• _Work to be completed_
Go through the data from its first line and retype each line, stopping once the line containing "Air Hockey - Spares" has been retyped.

__________________________________________________

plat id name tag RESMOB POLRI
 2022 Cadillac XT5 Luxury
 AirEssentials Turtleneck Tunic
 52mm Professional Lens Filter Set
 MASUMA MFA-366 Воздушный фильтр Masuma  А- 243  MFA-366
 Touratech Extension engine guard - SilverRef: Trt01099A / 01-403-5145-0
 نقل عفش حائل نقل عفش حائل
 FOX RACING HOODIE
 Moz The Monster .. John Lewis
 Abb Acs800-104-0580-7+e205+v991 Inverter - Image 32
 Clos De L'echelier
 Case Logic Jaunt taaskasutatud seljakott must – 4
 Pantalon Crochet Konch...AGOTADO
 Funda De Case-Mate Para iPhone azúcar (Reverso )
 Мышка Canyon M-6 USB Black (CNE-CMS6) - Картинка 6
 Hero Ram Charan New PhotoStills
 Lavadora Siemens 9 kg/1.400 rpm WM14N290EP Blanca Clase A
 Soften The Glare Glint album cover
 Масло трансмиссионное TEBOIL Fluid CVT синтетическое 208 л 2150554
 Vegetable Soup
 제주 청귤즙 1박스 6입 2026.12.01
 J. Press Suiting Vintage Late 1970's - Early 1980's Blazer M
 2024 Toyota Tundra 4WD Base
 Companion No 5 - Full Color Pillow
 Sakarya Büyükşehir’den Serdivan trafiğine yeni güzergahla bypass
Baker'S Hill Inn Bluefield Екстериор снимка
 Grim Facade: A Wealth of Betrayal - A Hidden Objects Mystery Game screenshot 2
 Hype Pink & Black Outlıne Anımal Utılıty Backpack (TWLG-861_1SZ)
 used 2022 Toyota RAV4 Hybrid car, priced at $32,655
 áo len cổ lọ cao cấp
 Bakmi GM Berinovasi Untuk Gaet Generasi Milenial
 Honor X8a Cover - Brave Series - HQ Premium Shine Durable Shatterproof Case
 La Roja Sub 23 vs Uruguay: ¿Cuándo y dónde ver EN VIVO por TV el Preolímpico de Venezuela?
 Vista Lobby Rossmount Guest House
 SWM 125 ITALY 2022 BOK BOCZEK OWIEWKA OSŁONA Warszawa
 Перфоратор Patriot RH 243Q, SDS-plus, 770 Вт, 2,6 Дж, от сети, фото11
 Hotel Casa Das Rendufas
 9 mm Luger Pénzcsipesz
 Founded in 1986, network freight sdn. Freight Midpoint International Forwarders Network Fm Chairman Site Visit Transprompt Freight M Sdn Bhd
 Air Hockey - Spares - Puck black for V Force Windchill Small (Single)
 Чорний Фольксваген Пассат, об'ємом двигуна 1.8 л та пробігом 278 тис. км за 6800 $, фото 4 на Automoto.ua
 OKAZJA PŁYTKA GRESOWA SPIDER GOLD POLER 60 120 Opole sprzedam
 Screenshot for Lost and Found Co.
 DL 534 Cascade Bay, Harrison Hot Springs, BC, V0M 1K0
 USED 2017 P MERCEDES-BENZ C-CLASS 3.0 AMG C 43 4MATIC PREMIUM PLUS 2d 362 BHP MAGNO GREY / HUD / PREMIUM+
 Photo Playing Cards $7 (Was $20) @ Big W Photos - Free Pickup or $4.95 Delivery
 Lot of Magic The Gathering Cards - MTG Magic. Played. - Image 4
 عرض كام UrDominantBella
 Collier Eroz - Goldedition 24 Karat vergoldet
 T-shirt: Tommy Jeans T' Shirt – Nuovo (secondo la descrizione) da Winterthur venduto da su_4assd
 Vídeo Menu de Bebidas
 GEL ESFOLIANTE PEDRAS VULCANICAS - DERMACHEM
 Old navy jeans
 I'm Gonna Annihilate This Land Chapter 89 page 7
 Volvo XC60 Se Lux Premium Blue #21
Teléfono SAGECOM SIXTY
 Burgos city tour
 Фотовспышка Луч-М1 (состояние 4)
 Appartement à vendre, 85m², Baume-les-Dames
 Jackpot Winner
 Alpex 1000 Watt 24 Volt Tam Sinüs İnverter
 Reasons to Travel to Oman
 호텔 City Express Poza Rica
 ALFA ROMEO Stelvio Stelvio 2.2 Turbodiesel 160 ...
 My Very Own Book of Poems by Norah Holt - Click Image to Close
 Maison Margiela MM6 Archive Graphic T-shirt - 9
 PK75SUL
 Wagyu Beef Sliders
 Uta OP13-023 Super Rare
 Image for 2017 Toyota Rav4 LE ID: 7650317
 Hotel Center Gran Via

__________________________________________________

• _Problem solution_
plat id name tag RESMOB POLRI
 2022 Cadillac XT5 Luxury
 AirEssentials Turtleneck Tunic
 52mm Professional Lens Filter Set
 MASUMA MFA-366 Воздушный фильтр Masuma  А- 243  MFA-366
 Touratech Extension engine guard - SilverRef: Trt01099A / 01-403-5145-0
 نقل عفش حائل نقل عفش حائل
 FOX RACING HOODIE
 Moz The Monster .. John Lewis
 Abb Acs800-104-0580-7+e205+v991 Inverter - Image 32
 Clos De L'echelier
 Case Logic Jaunt taaskasutatud seljakott must – 4
 Pantalon Crochet Konch...AGOTADO
 Funda De Case-Mate Para iPhone azúcar (Reverso )
 Мышка Canyon M-6 USB Black (CNE-CMS6) - Картинка 6
 Hero Ram Charan New PhotoStills
 Lavadora Siemens 9 kg/1.400 rpm WM14N290EP Blanca Clase A
 Soften The Glare Glint album cover
 Масло трансмиссионное TEBOIL Fluid CVT синтетическое 208 л 2150554
 Vegetable Soup
 제주 청귤즙 1박스 6입 2026.12.01
 J. Press Suiting Vintage Late 1970's - Early 1980's Blazer M
 2024 Toyota Tundra 4WD Base
 Companion No 5 - Full Color Pillow
 Sakarya Büyükşehir’den Serdivan trafiğine yeni güzergahla bypass
Baker'S Hill Inn Bluefield Екстериор снимка
 Grim Facade: A Wealth of Betrayal - A Hidden Objects Mystery Game screenshot 2
 Hype Pink & Black Outlıne Anımal Utılıty Backpack (TWLG-861_1SZ)
 used 2022 Toyota RAV4 Hybrid car, priced at $32,655
 áo len cổ lọ cao cấp
 Bakmi GM Berinovasi Untuk Gaet Generasi Milenial
 Honor X8a Cover - Brave Series - HQ Premium Shine Durable Shatterproof Case
 La Roja Sub 23 vs Uruguay: ¿Cuándo y dónde ver EN VIVO por TV el Preolímpico de Venezuela?
 Vista Lobby Rossmount Guest House
 SWM 125 ITALY 2022 BOK BOCZEK OWIEWKA OSŁONA Warszawa
 Перфоратор Patriot RH 243Q, SDS-plus, 770 Вт, 2,6 Дж, от сети, фото11
 Hotel Casa Das Rendufas
 9 mm Luger Pénzcsipesz
 Founded in 1986, network freight sdn. Freight Midpoint International Forwarders Network Fm Chairman Site Visit Transprompt Freight M Sdn Bhd
 Air Hockey - Spares - Puck black for V Force Windchill Small (Single)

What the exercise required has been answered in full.